Hospital in Columbia, Maryland, US

 Johns Hopkins Howard County Medical Center is a 225-bed, not-for-profit health care provider located in Columbia, Maryland.

==History==
Prior to the construction of Howard County General, most emergency services were provided outside Howard County. Baltimore and Montgomery General Hospital opened in 1920. With the rapid increase in population anticipated from the Rouse Company development he approved, County Commissioner Charles E. Miller attempted to redevelop his family's Historic Gray Rock farm in Ellicott City to build a 200-bed Lutheran Hospital and housing development. Despite multiple attempts, the zoning for the hospital was not approved as competition for the proposed Howard County General project. In addition, the State declined another 1973 proposal to build a 200-bed unit in Ellicott City by Bon Secours for refusing to service abortions as a Catholic hospital.

Howard County General Hospital: A Member of Johns Hopkins Medicine is a not-for-profit health care provider with 225 licensed beds located in Columbia, Maryland. A comprehensive, acute-care medical center, Howard County General offers a full range of services specializing in women's and children's services, surgery, cardiology, oncology, orthopedics, gerontology, psychiatry, emergency services, and community health education.

The hospital has a professional staff of more than 950 physicians and allied health professionals, representing nearly 100 specialties and subspecialties; a workforce of more than 1,900 individuals and more than 300 volunteers.

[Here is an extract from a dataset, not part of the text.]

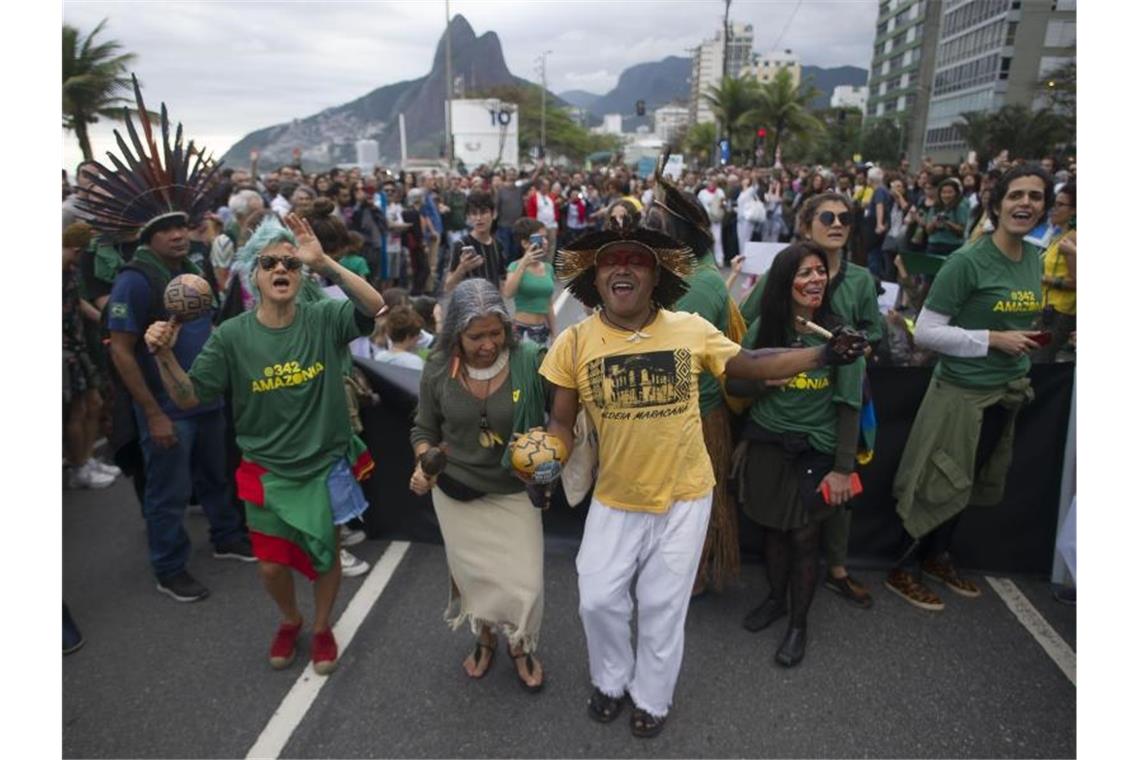 Tanzend demonstrieren Menschen in Rio de Janeiro gegen die Umweltpolitik von Präsident Bolsonaro. Foto: Bruna Prado/AP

In 2009, the hospital opened a $105 million, four-story, five-level patient pavilion with three inpatient floors as well as the Bolduc Family Outpatient Center. In 2014, the Health Care and Surgery Center Building was renamed to the Dr. Sanford A. Berman and Dr. Kay Ota-Berman Pavilion after a $5 million donation.

The hospital is situated on a prehistoric Native American settlement later settled as farmland. Benjamin F. Bassler exchanged 92 acre of his fathers 400 acre family farm and airfield to The Rouse Company in exchange for a 504 acre farm to create Haysfield Airport. A hospital was proposed for the development as two others sought State and County approval. The 59 bed Columbia Hospital and Clinic Foundations Center was opened on July 9, 1973 serving members of the Columbia Medical Plan only. The Columbia Medical Plan was an early HMO created by the Rouse Corporation in conjunction with Columbia's chief backer and financier Connecticut General Life Insurance and Johns Hopkins, which initially discouraged private practices that would form competition. The hospital was an early adopter, integrating psychiatric admissions with regular admissions. After a year of operations, the facility was opened to residents outside the Columbia Medical Plan, with the new name Howard County General Hospital. Within the first three years, the hospital was rated the second most expensive in the state and faced budget cuts after cost overruns and unpaid debt.

On June 12, 2023 the facility changed its name from Howard County General Hospital to Johns Hopkins Howard County Medical Center. The name change, coming on the 50th anniversary of the hospital and the 25th anniversary as a member institution of Johns Hopkins medicine, reflects "the organization’s continuing integration and growth within Johns Hopkins Medicine."